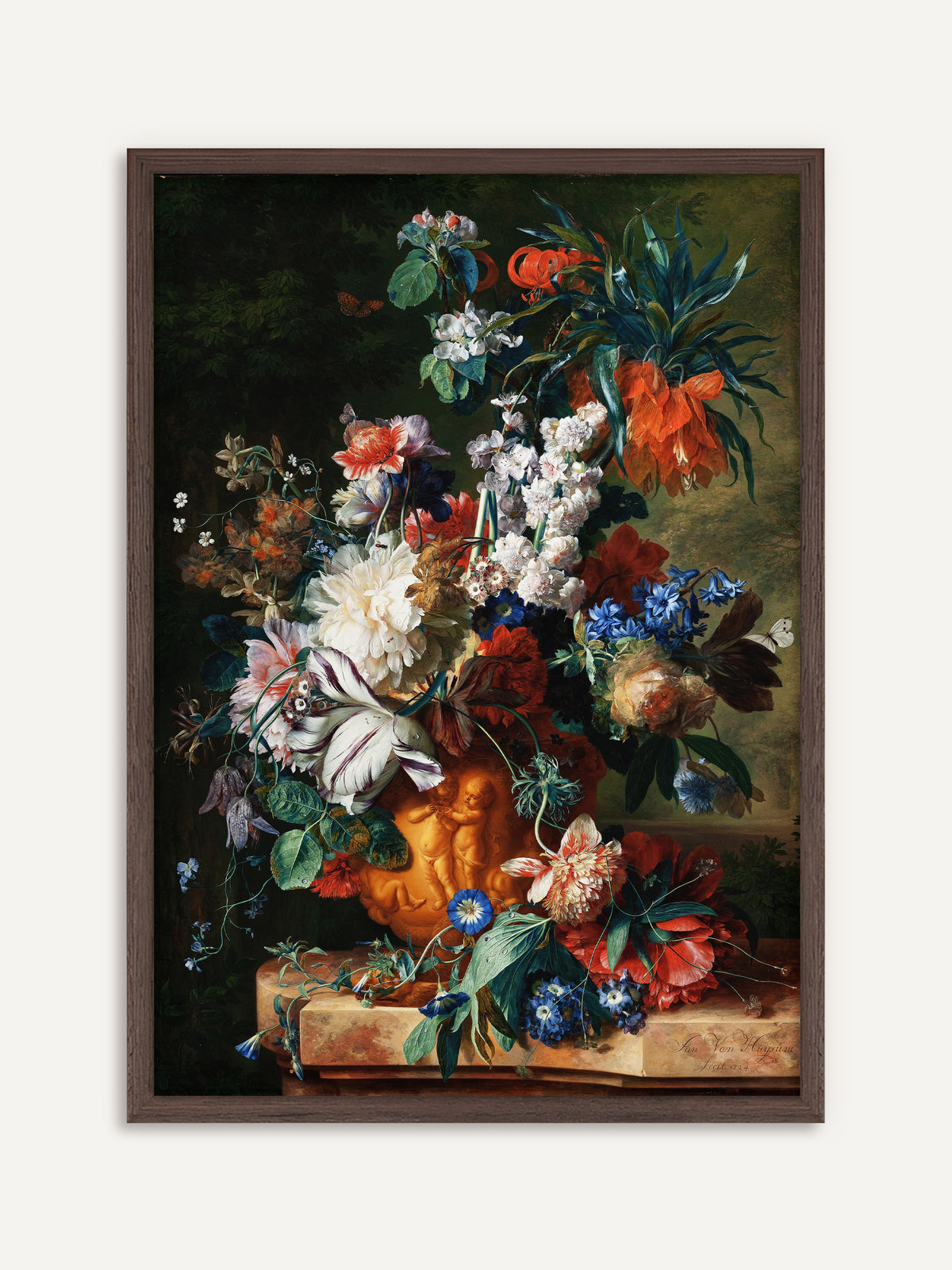 Poster, das eine Terrakottavase mit Puttenrelief voller Tulpen, Pfingstrosen, Kaiserkronen und Hyazinthen vor dunkelgrünem Grund zeigt. Der Rahmen aus dunklem Holz unterstreicht die moody Stimmung des Barock. #Rahmen_Dunkles Holz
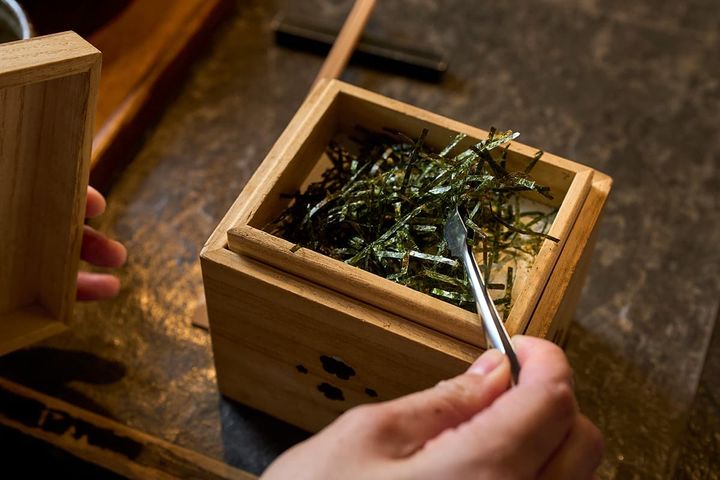 嘉永2年創業の日本橋宝町の山本海苔店の海苔。香り高く上品な味わいの海苔で蕎麦の風味がアップ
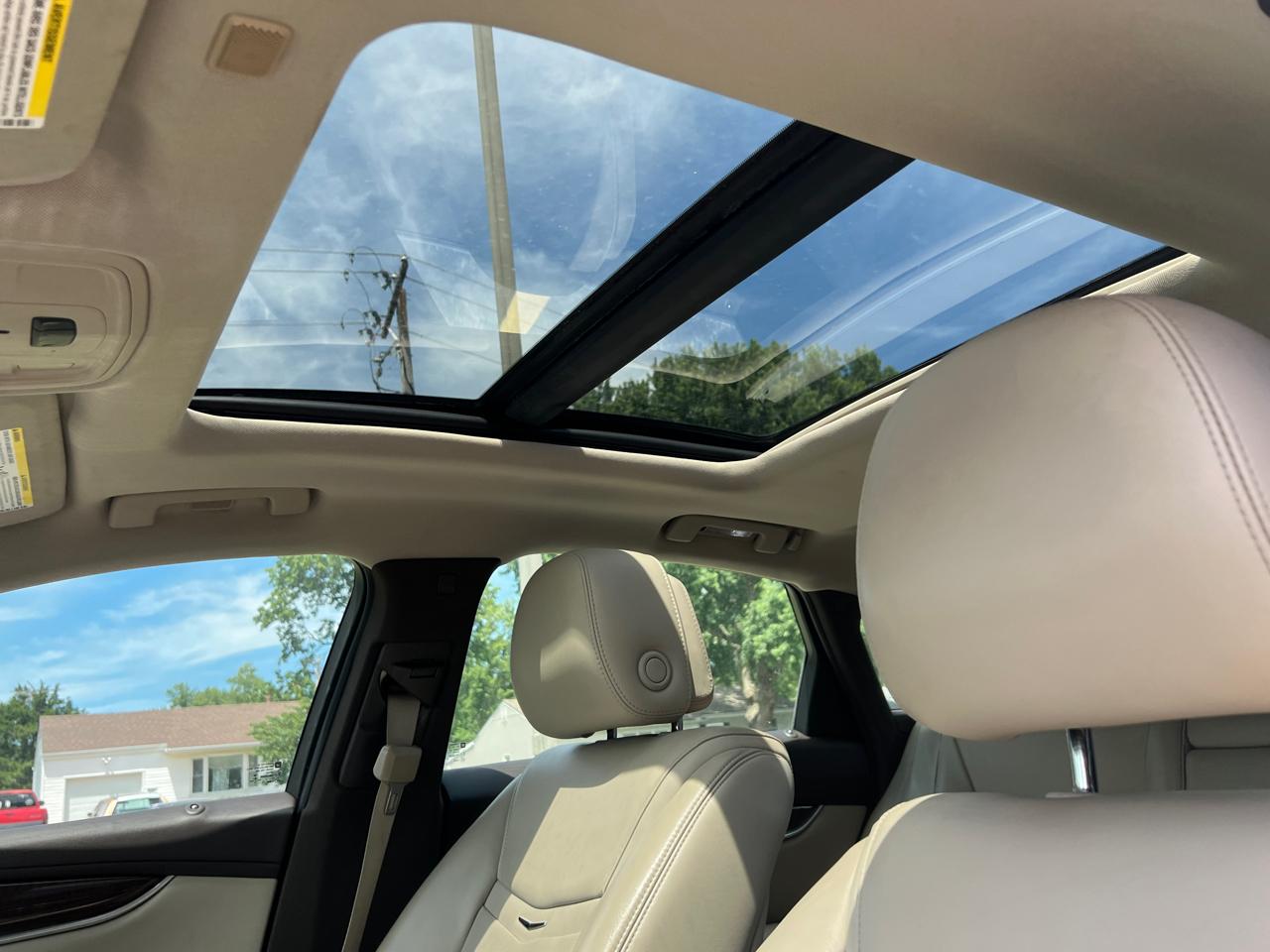 Cadillac XTS 4dr Sdn Luxury AWD 2013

————————

Exercise details » Set down the material above exactly as written, but not the pictures.

Solution to this exercise »
 Poster, das eine Terrakottavase mit Puttenrelief voller Tulpen, Pfingstrosen, Kaiserkronen und Hyazinthen vor dunkelgrünem Grund zeigt. Der Rahmen aus dunklem Holz unterstreicht die moody Stimmung des Barock. #Rahmen_Dunkles Holz
 嘉永2年創業の日本橋宝町の山本海苔店の海苔。香り高く上品な味わいの海苔で蕎麦の風味がアップ
 Cadillac XTS 4dr Sdn Luxury AWD 2013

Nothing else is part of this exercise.